• What you are asked to do: Take the listing from its first line through the line that contains "Alfred Sisley - Vila längs Stream Poster" and please retype those lines exactly, leaving out the pictures.

• Provided data:
────────────────────

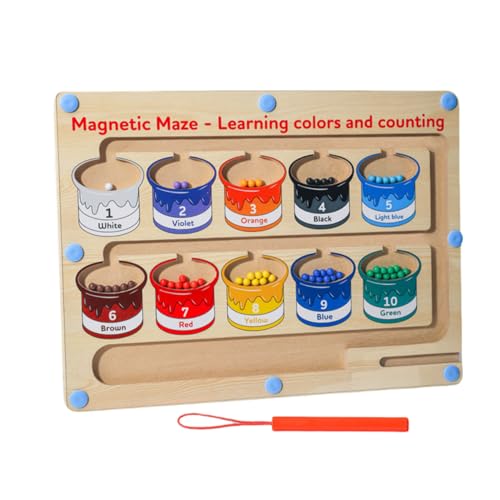 XVVX磁石の色と数の迷路、磁石の色と数字の迷路 | 子供用磁気迷路ボード,子供用磁気おもちゃ、木製パズルボード、学習教育就学前のおもちゃカウントボード ペントレーニング 知育玩具迷路おもちゃボードゲーム磁気迷路手と目の調整創造性論理的思考を強化します。誕
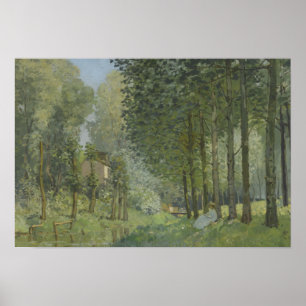 Alfred Sisley - Vila längs Stream Poster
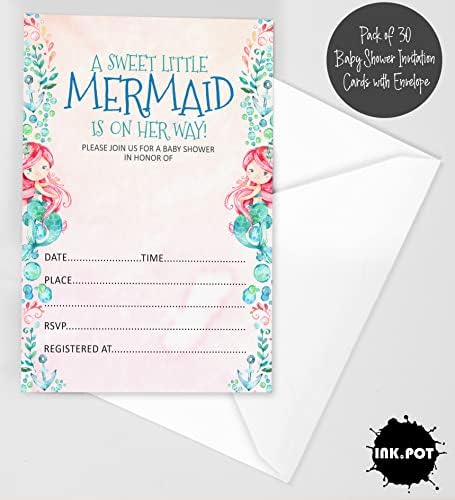 Pack of 30, Girl Baby Shower Party Collection, Baby Shower Invitation Cards, Fill in the Blank Invites WIth Envelopes, Mermaid Theme Party Supplies - Image 2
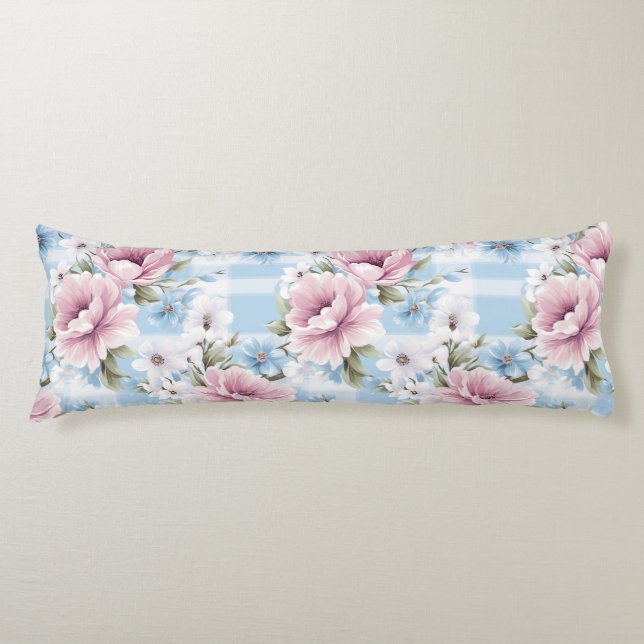 PRETTY PASTEL PINK WHITE BLUE WATERCOLOR FLOWERS KROPPSKUDDE (Framsidan)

────────────────────

• Result of the task:
 XVVX磁石の色と数の迷路、磁石の色と数字の迷路 | 子供用磁気迷路ボード,子供用磁気おもちゃ、木製パズルボード、学習教育就学前のおもちゃカウントボード ペントレーニング 知育玩具迷路おもちゃボードゲーム磁気迷路手と目の調整創造性論理的思考を強化します。誕
 Alfred Sisley - Vila längs Stream Poster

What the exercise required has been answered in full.